[Web page caption snippets]

----------------------------------------

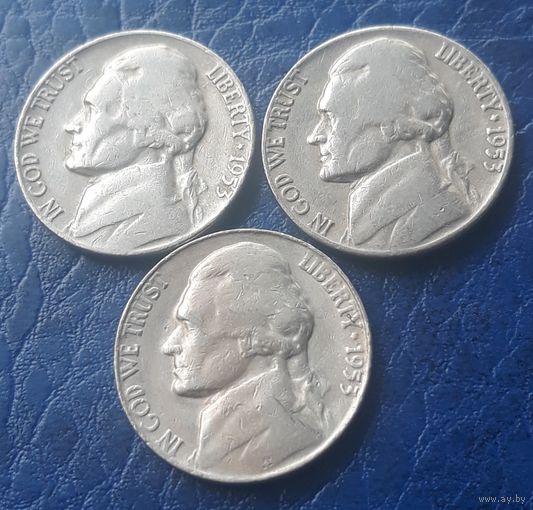 5 центов  1953 P D S США Джеферсон 3 монеты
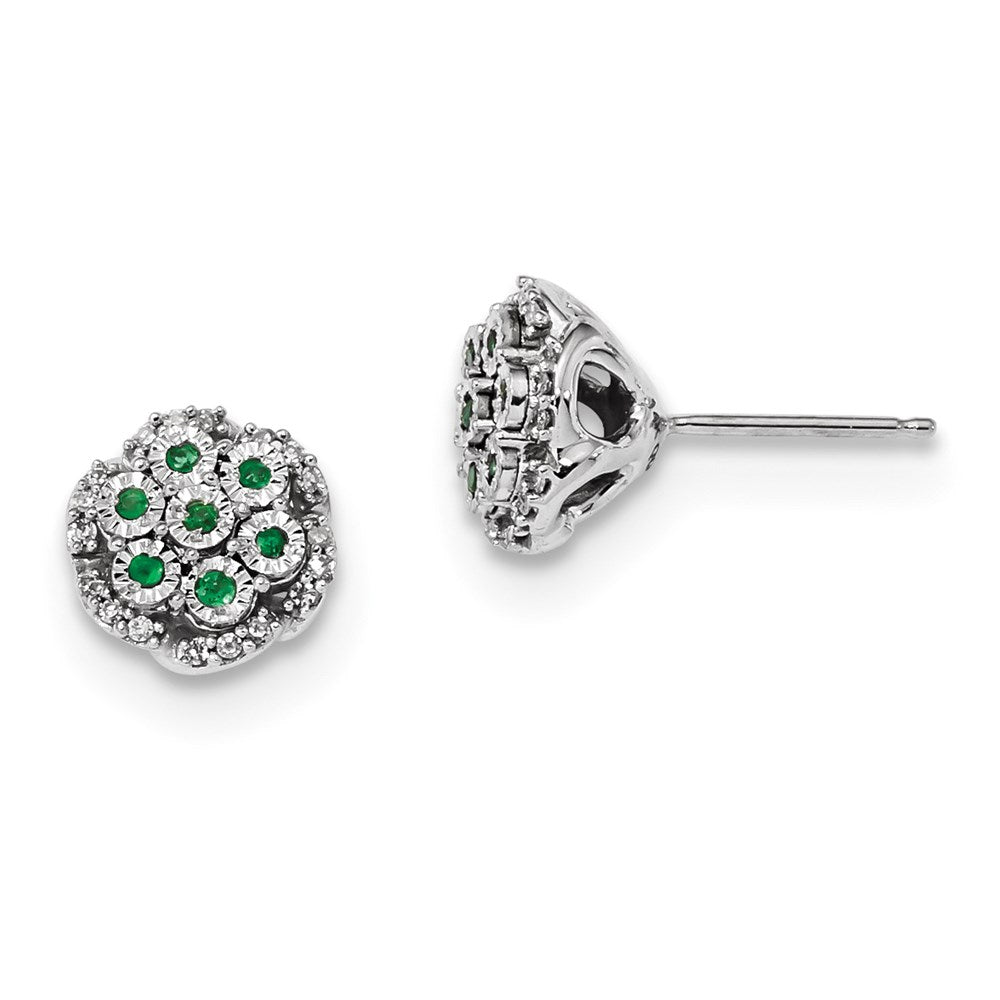 14k White Gold Real Diamond & Emerald Post Earrings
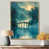 Toile avec cadre flottant or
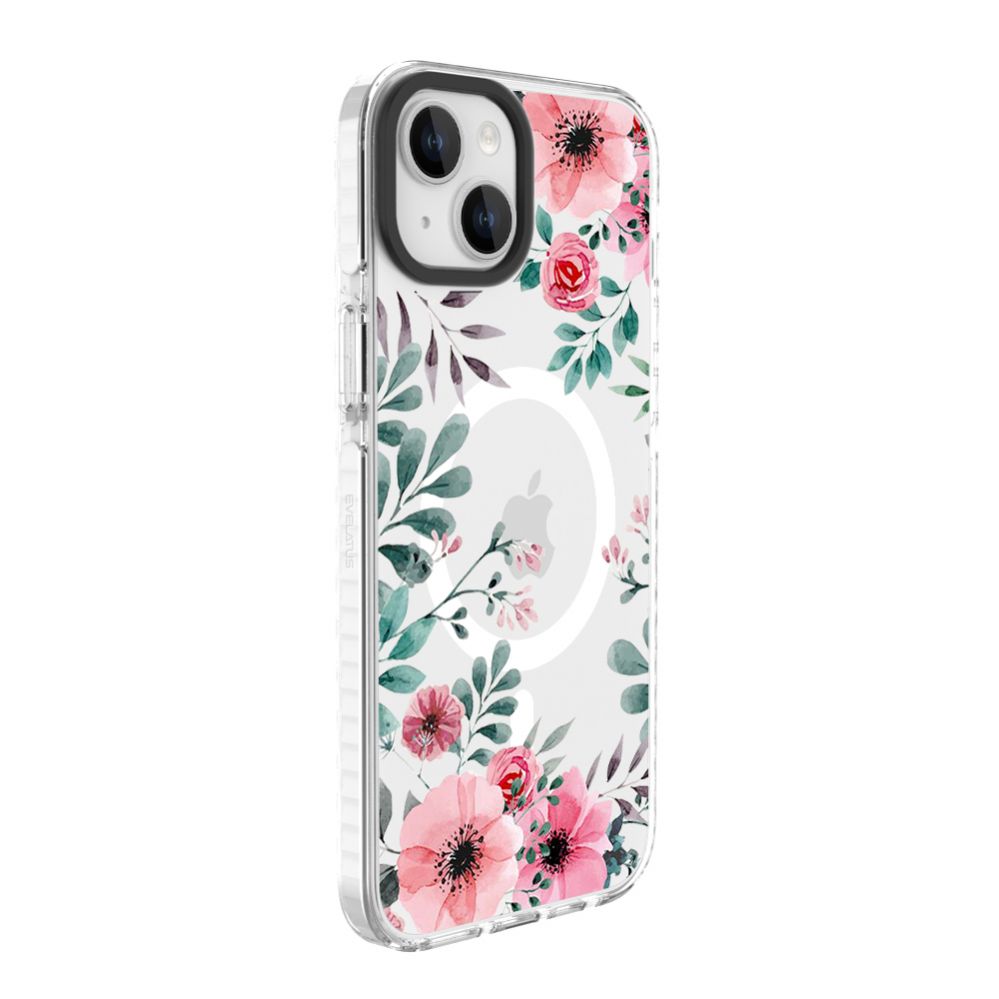 Чехол на заднюю панель Evelatus Apple iPhone 15 PC+TPU With MagSafe Customized Print Flower Transparent
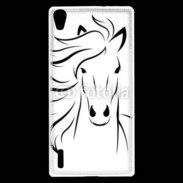 Coque Huawei Ascend P7 Vector image of an horse on white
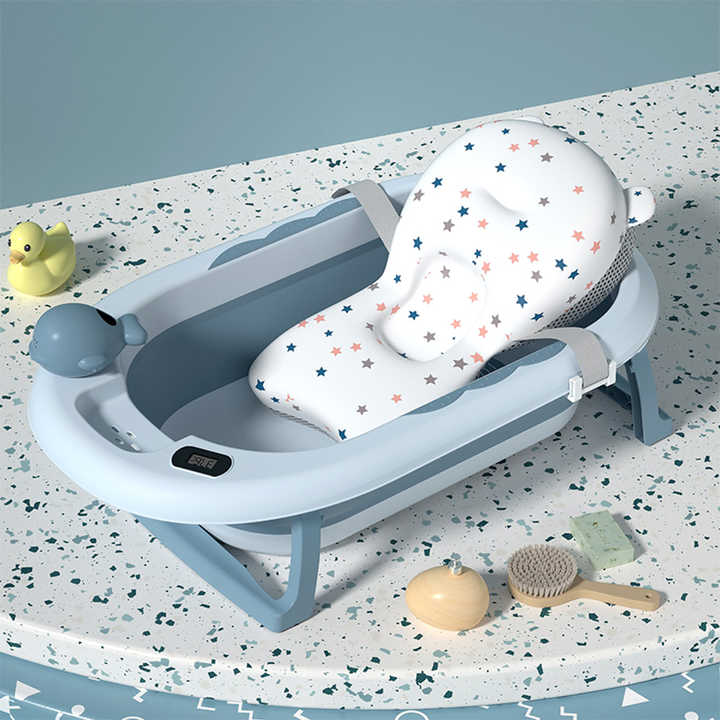 Newborn Infant To Toddler Baby Bath Tub With Stand Temperature Sensor Shower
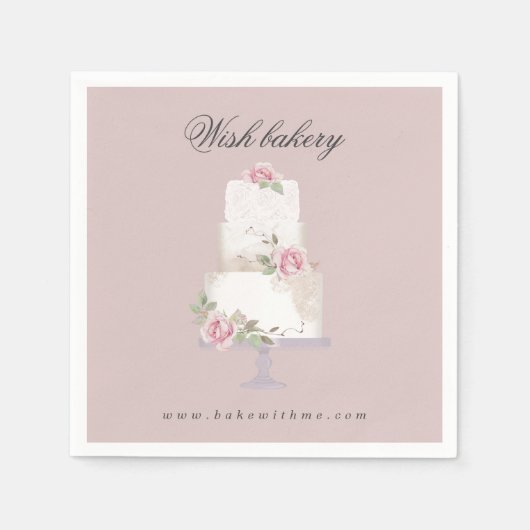 elegantes, dreistufiges Hochzeitstorte-Monogramm Serviette (Vorderseite)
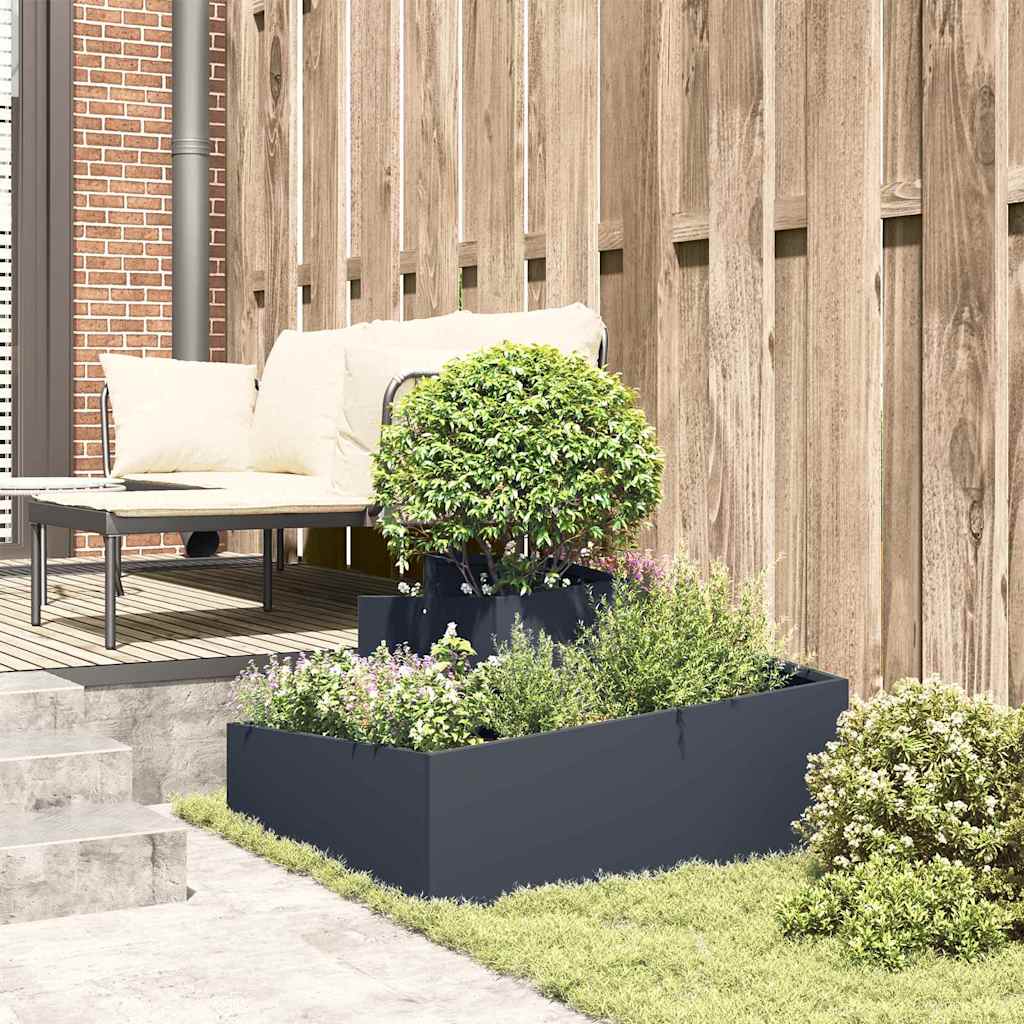 Garten-Pflanzgefäß Anthrazit 80 x 80 x 50 cm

----------------------------------------

## [What the exercise asks]
Write out again the lines from the one with "Newborn Infant To" through the end of the records exactly, without any of the pictures.

## [Response]
 Newborn Infant To Toddler Baby Bath Tub With Stand Temperature Sensor Shower
 elegantes, dreistufiges Hochzeitstorte-Monogramm Serviette (Vorderseite)
 Garten-Pflanzgefäß Anthrazit 80 x 80 x 50 cm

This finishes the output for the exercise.